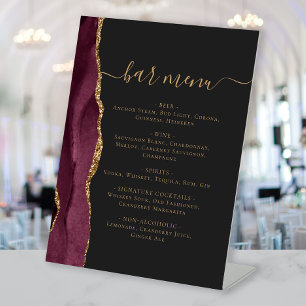 Wedding Bar Menu Burgundy Gold Agate Dark Pedestal Sign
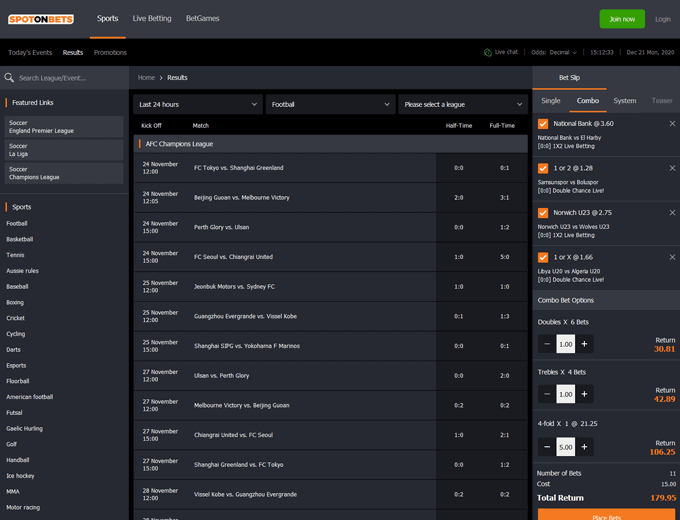 Spotonbets sports match results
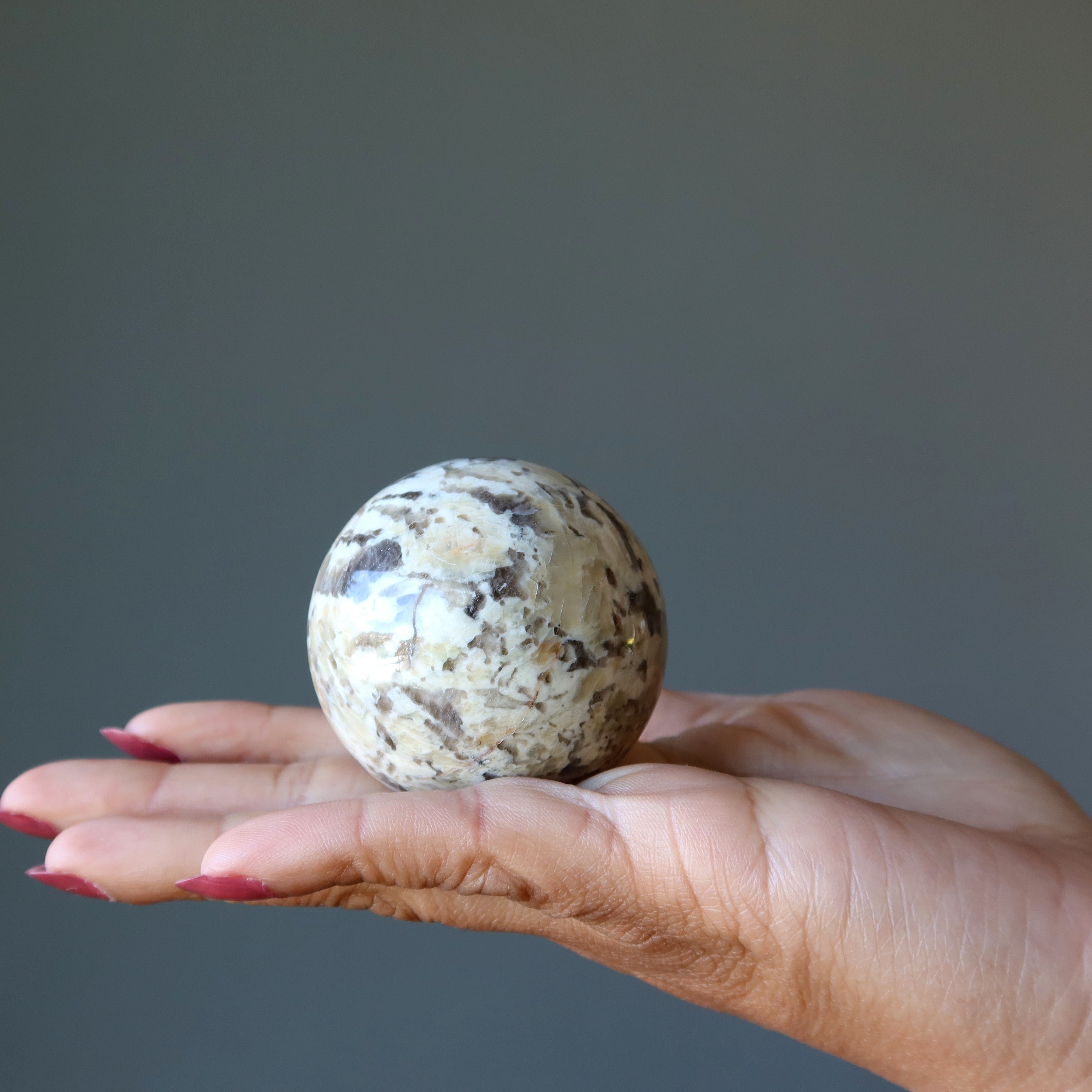 Sphère de pierre de lune zébrée dorée, boule de cristal esprit animal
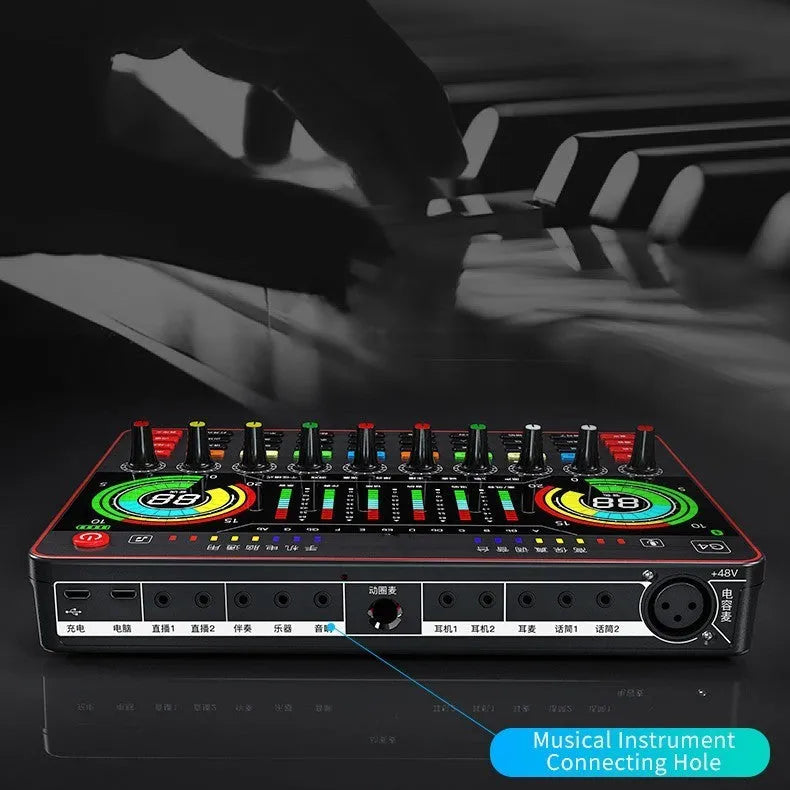 G4 professional sound card mixer with LCD display, 10 tuning knobs, and Q8 condenser microphone for live streaming setup.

▶ The task
Please return the listing above exactly and leave every picture out.

▶ Task response
 Wedding Bar Menu Burgundy Gold Agate Dark Pedestal Sign
 Spotonbets sports match results
 Sphère de pierre de lune zébrée dorée, boule de cristal esprit animal
 G4 professional sound card mixer with LCD display, 10 tuning knobs, and Q8 condenser microphone for live streaming setup.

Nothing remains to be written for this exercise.